If you ask the denizens of the Luofu, they’d scorn the likeness he bears with scathing vitriol. After all, his continued existence is an insult to the shared moral codex that all Xianzhou natives and their coexisting long-life species hold dear. The very ship he stands on knows of the sins of Dan Feng; it is intimately entwined with the recent history of the Luofu. Though he can barely remember the hazy memories of his past life, the marks left behind by his clawed hands are still tender; so much so that the phantasmal imprints of his crime pulses beneath flesh like a second heart. 
Hence, seditious and traitorous would be amongst their most polite of adjectives used to describe his person. 
If you ask the IPC employees whose spaceships he temporarily boarded, they would find it hard to remember such an unremarkable man in the first place. He’s not a criminal when you remove the man from Luofu. He’s simply another unwelcome—though this is concealed, poorly, behind brief nods and strained smiles—passenger, another burden to kick out at the closest planetary cluster. Though, as long as he works hard, he earns his keep. 
Hence, diligent would be one of the only adjectives few of them attribute to him. The rest simply don’t remember, or perhaps they don’t care. Both are equally probable. 

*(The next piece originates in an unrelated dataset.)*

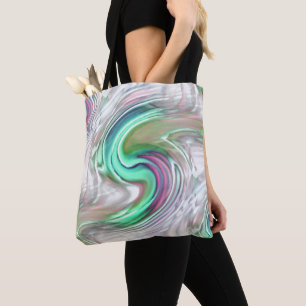 Digital rustic S-curve brush strokes 'under ice'  Tote Bag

If you ask the Masked Fools with whom he unfortunately entangled his journey with, they’d remark it a pity that he still had his memory intact from when they tried to wrench it from him. No, they will not elaborate. He’s unlike them, as he is unlike the aforementioned IPC. He’s too solemn. He’s too uptight. He doesn’t smile. His face is as impassive as the alabaster and bronze masks they don. 
Hence, amongst a repertoire of appellations that really all mean the same thing, it is serious that is the gist derived from their babble. 
All these, when compiled together with pins and red strings on a corkboard, are integrated back into a singular general impression: unapproachable. 
He’s left alone in the Shackling Prison; the guards may jeer or insult him, but they never come too close. He’s left alone on the IPC spaceships; there’s just something about him that makes it easy to delegate more menial work unto him, but never to actually connect person-to-person. And he’s left alone amidst the madness of the Masked Fools; though they force him to attend those deranged lectures, there’s no interest other than superficial for him. 
Friends he vaguely recalls are shaped in his mind as though someone coloured outside their lines: blurred, messy, and utterly intangible. He has no points of connection that can really describe him at present, therefore he relies on others’ assumptions to gauge his character. 
Unapproachable. 
In that crimson strand of thinking, you’re similar to the idea of Dan Heng. Though, pinned neatly to the corkboard on a yellow sticky note, it’s not so much as that’s the impression you give, more like the default word attributed to somebody who isn’t present enough for any other impression to exist. 
“Where’s your next stop?”
There’s a woman standing before him with vivid scarlet cascading from the crown of her head and down her shoulders like a waterfall. It coils so familiar, yet so different, to the ‘red’ that pursues him in both the waking and dream world. He’s taken aback, blinking with surprise as his gaze focuses and refocuses just past her to spot an erudite man some distance away; the shine of his black-framed glasses glints as though in encouragement. 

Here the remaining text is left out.